As one vet put it about seeing bodies with lungs or guts on the outside, "It was a fantastic exhibition of anatomy." How's that for a positive spin about seeing so much carnage?

And don't get me started on the ubiquity of bad teeth or seeing the Scottish regiments in kilts, marching onto the battlefield with bagpipes and who knows how little underneath.

Yet another winning decision was to have a forensic lip-reader transcribe what men were saying when their lips are moving so that British actors (of the correct dialect for the unit) could dub in the dialog. As for what the men were doing while they were in the trenches, that was left to the vets in the voice-over.

Answer: thinking deeply and, because most of them were 14 -19 years old, telling dirty stories.

And because these were British soldiers fighting on the Western Front, they were always looking for a way to get hot water for a cuppa tea. Solutions included using the hot water from their water-cooled machine guns or from a locomotive engine.

For the scenes set during battle, Jackson had no actual footage (obvi), so he used illustrations from War Illustrated, a weekly paper during the war that used artists' sketches to keep the home front abreast of the fighting. Conveniently, Peter had several hundred of them at home. As it happened, he also had an extensive collection of WW I uniforms, which came in handy when the digital team was colorizing the onscreen uniforms.

"I also had a few pieces of WW I artillery, as you do," he deadpanned, saying they used it to reproduce the sounds of them being fired.

And not to sound like an idiot, but I'd never considered the origins of the phrase "the walking wounded" until seeing tonight's footage of bleeding and broken men somehow able to walk to the unit's next destination.

It was fascinating hearing these veterans talk about how they bore no malice to the Germans they were fighting. "They were just doing what they were told, just like we were," one observed. There was even footage of the German and British troops laughing and trying on each other's hats once the ceasefire had been declared.

Even the soundtrack, aside from the voice-over, was expertly done. If a soldier in the screen lit a cigarette (because these boys smoked constantly), there was the sound of a match striking. If someone joked and you saw laughter, there was the sound of laughter. Eerie for otherwise silent footage.

Most of the soldiers had joined the army as teenagers, so it was all they knew, making the transition to civilian life very difficult even with the free wool suit the army supplied them with on discharge.

Several said they were too far gone and too exhausted for the real world and no one wanted to talk about the war once it was over. Employers made it even clearer, posting ads that read, "No servicemen need apply."

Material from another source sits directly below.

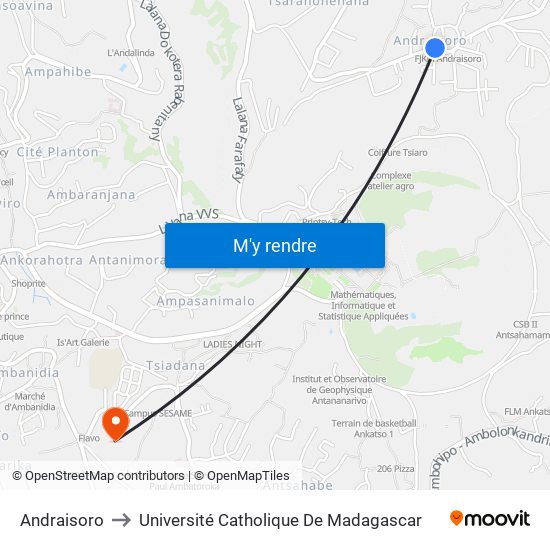 Andraisoro to Université Catholique De Madagascar map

Sounds like we're not the only country to mistreat its returning warriors.

When the film ended, I was gratified to see the extensive listing of all the men who had been interviewed, along with their units. Next came a credit thanking the oral historians who'd captured their memories.

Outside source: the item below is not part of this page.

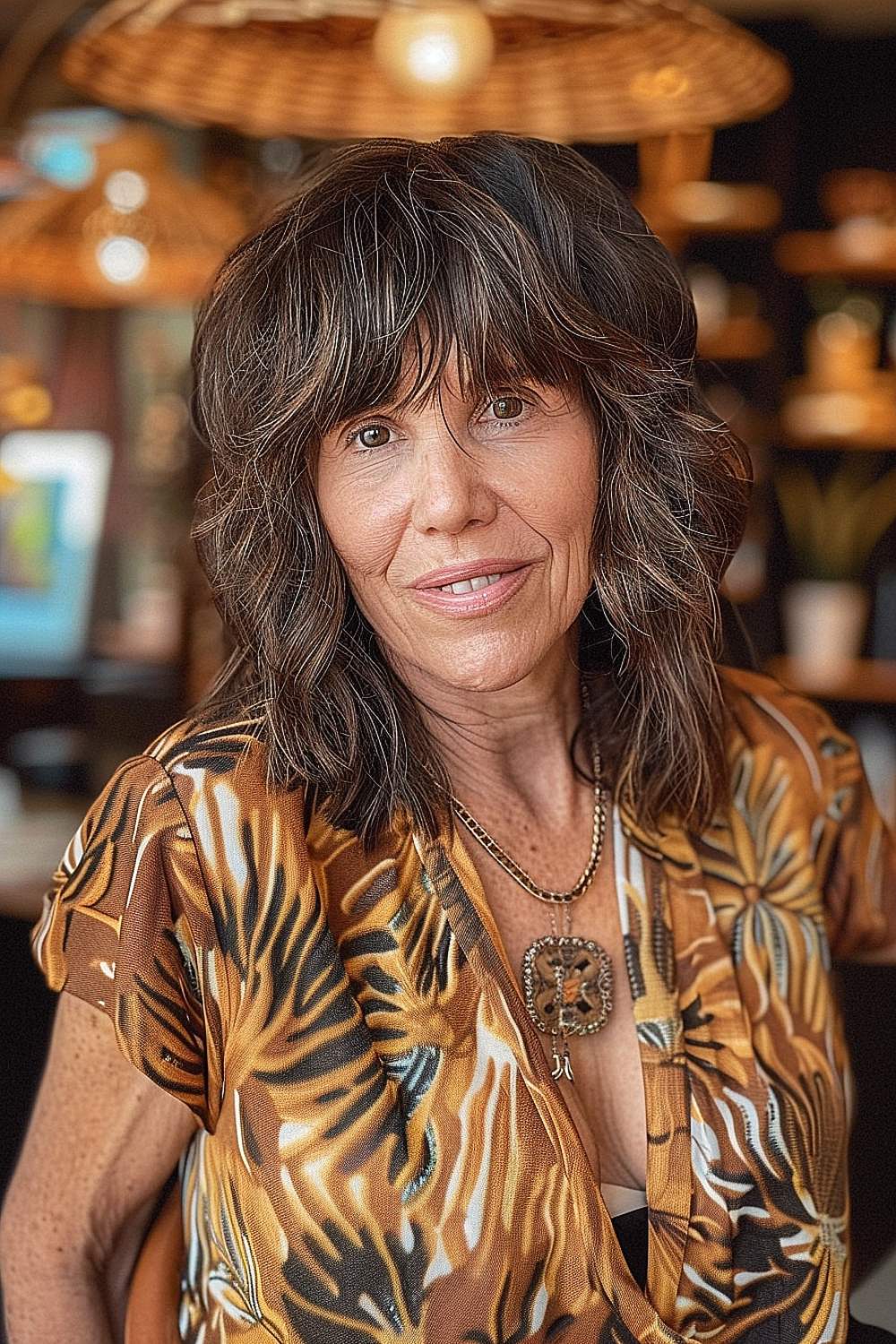 Playful shag haircut with soft highlights on a senior woman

But what really surprised me was that all but a half dozen people in the theater got up and left while the credits were playing. How in the hell do you watch a technological masterpiece like that and not be curious about how it came to be?

My new hero Peter talked about restoring and cleaning up the 100-year old film to the point that it was so concise that he was able to zoom in on lesser tableaux and blow them up as details. So while the original cameraman had been filming mortar going off, Peter showed us soldiers being shot, their horses falling over in the process.

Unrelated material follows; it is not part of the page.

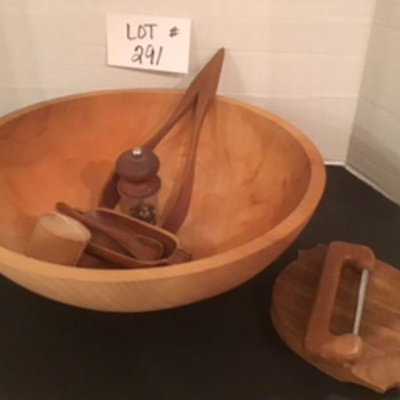 B - 291  Very Large Wooden Salad Bowl  & More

He talked about how his goal had been to tell one small story from the many of that war, specifically that of an average British soldier and his feelings and thoughts. So we saw a battle-fatigued soldier marching, his hand trembling uncontrollably, saw men sleeping in cubbyholes created between sandbags 100 yards from the front with shells whizzing overhead and saw men with bandaged faces, their bloody mouths the only recognizable feature on their entire faces.

As I sat there watching the film, it occurred to me that brilliance of it was that it was a film for non-history types, but Peter clarified that even further, saying it was a film made by a non-historian for non-historians.

And, when you get right down to it, made for a documentary dork like me.